The Wall Street Journal revealed on Friday that the United States is considering reopening a bilateral diplomatic channel with Iran – through which negotiations would be conducted by what the outlet described as a “secret” team:
The White House secretly used this bilateral track last year to reach an interim deal with Iran in November that froze parts of its nuclear activities in return for a temporary easing of Western economic sanctions.
The stealth American team was led by Deputy Secretary of State William Burns and Jake Sullivan, national security adviser for Vice President Joe Biden. Their meetings with Iranian negotiators clandestinely took place in Oman, New York and Geneva, without the knowledge of the U.S.’s closest Middle East allies including Israel and Saudi Arabia.
The news was sourced to both American and European officials “involved in the diplomacy” surrounding Iran’s atomic program. The news may deepen the quite open concerns of American allies in the Middle East regarding Washington’s intentions, just a week after Secretary of Defense Chuck Hagel had been dispatched to reassure Riyadh and Jerusalem that U.S. diplomats would not accept a deal that left the Iranians with the ability to construct nuclear weapons.
Circumventing the current model of multilateral negotiations between the P5+1 global powers and Iran would among other things freeze out France and Britain, and observers are likely to note that French Foreign Minister Laurent Fabius is widely assumed to have blocked an interim deal last November due to what Paris considered unacceptably pro-Iranian terms regarding the country’s plutonium-producing Arak reactor.
Meanwhile the Iranians continue to flatly refuse to discuss rolling back the country’s ballistic missile program, with Iranian Deputy Foreign Minister Abbas Araqchi last week reiterating the country’s repeatedly emphasized stance:
“The Group 5+1 (the US, Russia, China, Britain and France plus Germany) countries insist on negotiations over the missile program (of Iran) due to its inclusion in the (previous UN Security Council) resolutions (against Iran but) we have stated to them that our country’s defense systems are not negotiable,” Araqchi said, addressing a forum of the Islamic Revolution Guards Corps (IRGC) political officials in Tehran on Wednesday.
“We have announced it very clearly and explicitly and we have never allowed them to start talks about our defense systems and won’t allow them to do so to the end (of the talks with the world powers),” he stressed.

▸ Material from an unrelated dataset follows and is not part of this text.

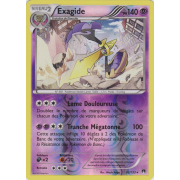 XY9_62/122 Exagide Inverse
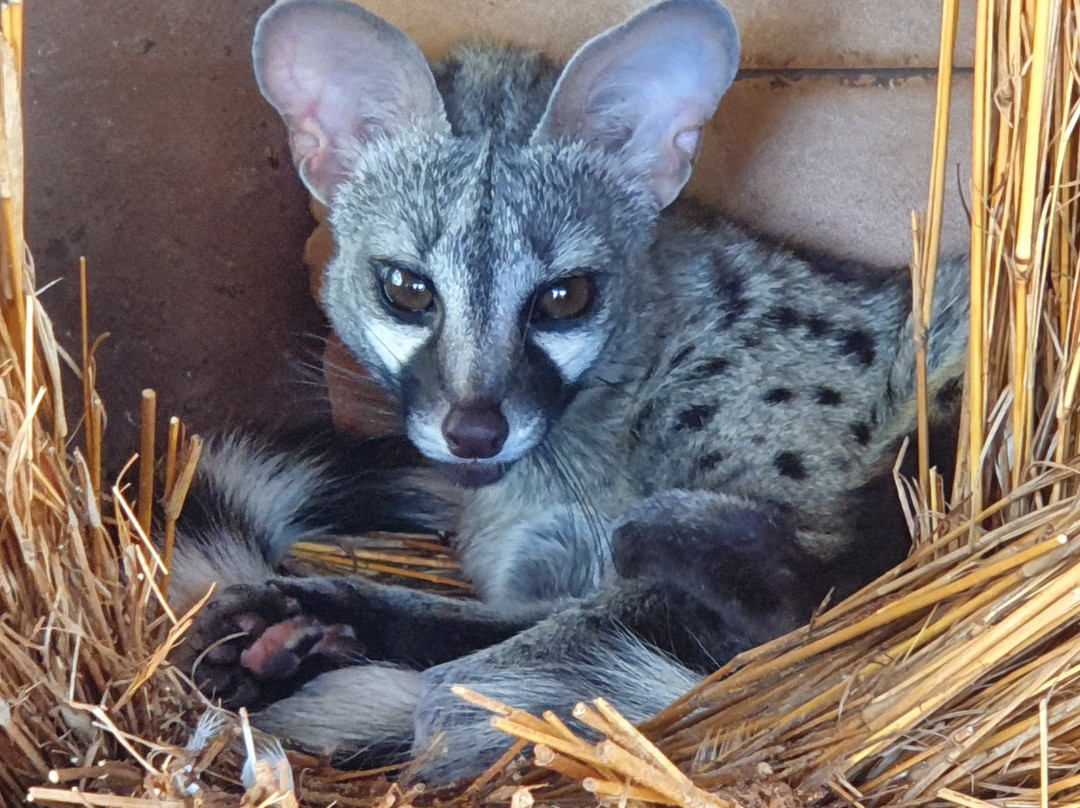 Sondela Nature Reserve Accommodation主图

Obama administration officials had been explicit in telling lawmakers and the public that Iran would be forced to address its international obligations to halt ballistic missile development in the context of comprehensive negotiations, but have in recent days been telling reporters that they no longer have a “checklist” that Iran will be forced to meet, but rather a “package of the combination of elements.’